Second, it burned both of them out. What seemed like fun in the beginning soon became a chore. Their couple time lost its specialness.

When they broke up, he was left with a huge, gaping hole – no friends, no hobbies, no sense of his own self, no nothing.

Do not make the same mistake.

However, it’s a fine balance. Neglecting your partner and the relationship in favor of yourself isn’t the Holy Grail, either. You just fall off the other side of the cliff.

So what can you do instead?

  • Be present when you spend time together. Don’t be there physically but not mentally. Get done what you have to, but then give your undivided attention. One hour of presence is worth more than three hours of being somewhere else with your thoughts.
  • Realize that you can’t pour from an empty cup. To show up for the relationship, you have to show up for yourself first. Do not neglect your own life or needs.
  • Prioritize the relationship, not your partner. If you’re making a decision, ask yourself what’s best for your connection.

Never forget that you are your number one priority – only then can you show up from a position of power for others.

article quote on painted background with text that says "Realize that you can’t pour from an empty cup. To show up for the relationship, you have to show up for yourself first. Do not neglect your own life or needs."

Avoid These Traps To Have A Happy And Supportive Relationship

A good relationship is smooth sailing most of the time.

However, you have to build a sturdy ship to navigate the seas when the ocean gets rough. This starts with yourself. You’re the one who steers the ship and inspires your partner to want to be by your side.

This doesn’t mean you have to do all the work by yourself – but if you slack off, the ship sinks.

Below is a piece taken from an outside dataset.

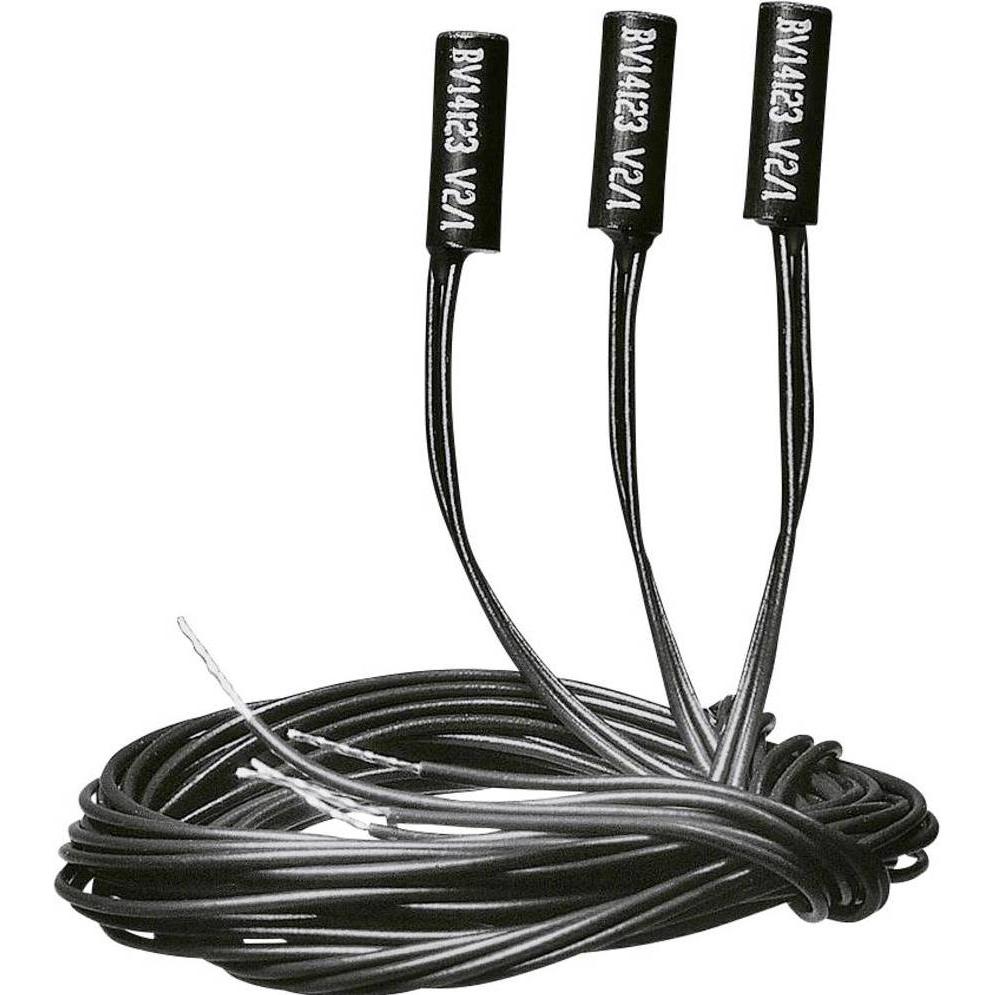 Faller Sensori 3-pack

To avoid that, stay clear of these common traps men often fall into:

  1. Misunderstanding conflict. It’s not about being right or wrong, but about solving a problem together.
  2. Giving up the courting process. A relationship isn’t an “end goal” you can reach and then forget about – you need to keep it alive by putting in effort.
  3. Settling in and letting yourself go. Show both of you some respect – being in a relationship isn’t an excuse to not work on yourself anymore.
  4. Losing your sense of self. It strains your connection because you become dependent on it – you’ll be in a terrible position when things get rocky.

Build a sturdy relationship and you’ll make it through life’s roughest storms together.